» Stored data:
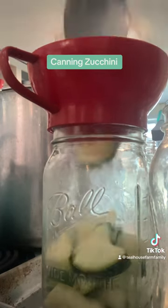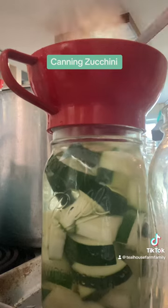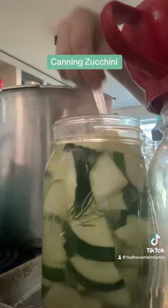Then we're going to load our prepared jars. Make sure your jars are warm so they don't crack. You need an inch of headspace. You can add a teaspoon of salt if you would like to your quart jar, but it's not necessary.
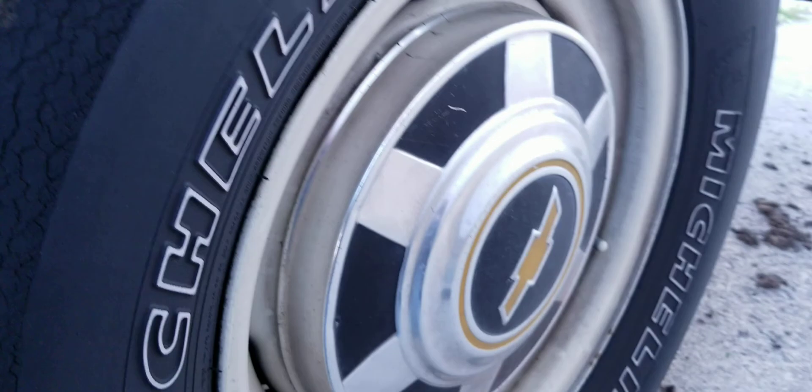The inner fenders are original to this vehicle. AC delete. Motor's been rebuilt — new motor. I'll turn it off here in a second, but I just love that sound.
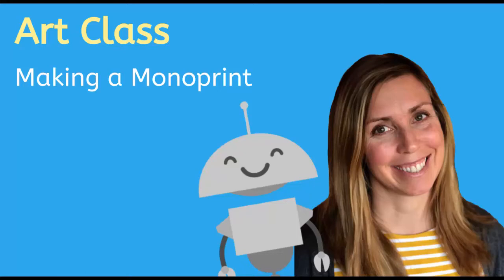Hi, I'm Molly and welcome to Art Class. Today we are going to be creating a monoprint with just a few items you can find around your house. Let's go!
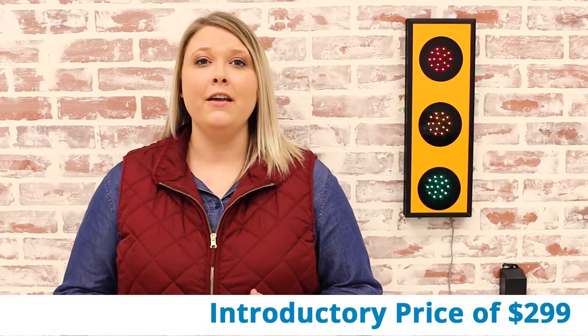The Wi-Fi stoplight is a great solution for many common problems within the children's ministry community. They are in stock now and we are currently offering them at an introductory price of $299. If you have any more questions or need any information on these stoplights, feel free to give us a call or use the chat feature below.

» Task objective: Write out again exactly the lines from the start of the data above through the line containing "Hi, I'm Molly", inclusive, excluding any pictures.

» Exercise result:
Then we're going to load our prepared jars. Make sure your jars are warm so they don't crack. You need an inch of headspace. You can add a teaspoon of salt if you would like to your quart jar, but it's not necessary.
The inner fenders are original to this vehicle. AC delete. Motor's been rebuilt — new motor. I'll turn it off here in a second, but I just love that sound.
Hi, I'm Molly and welcome to Art Class. Today we are going to be creating a monoprint with just a few items you can find around your house. Let's go!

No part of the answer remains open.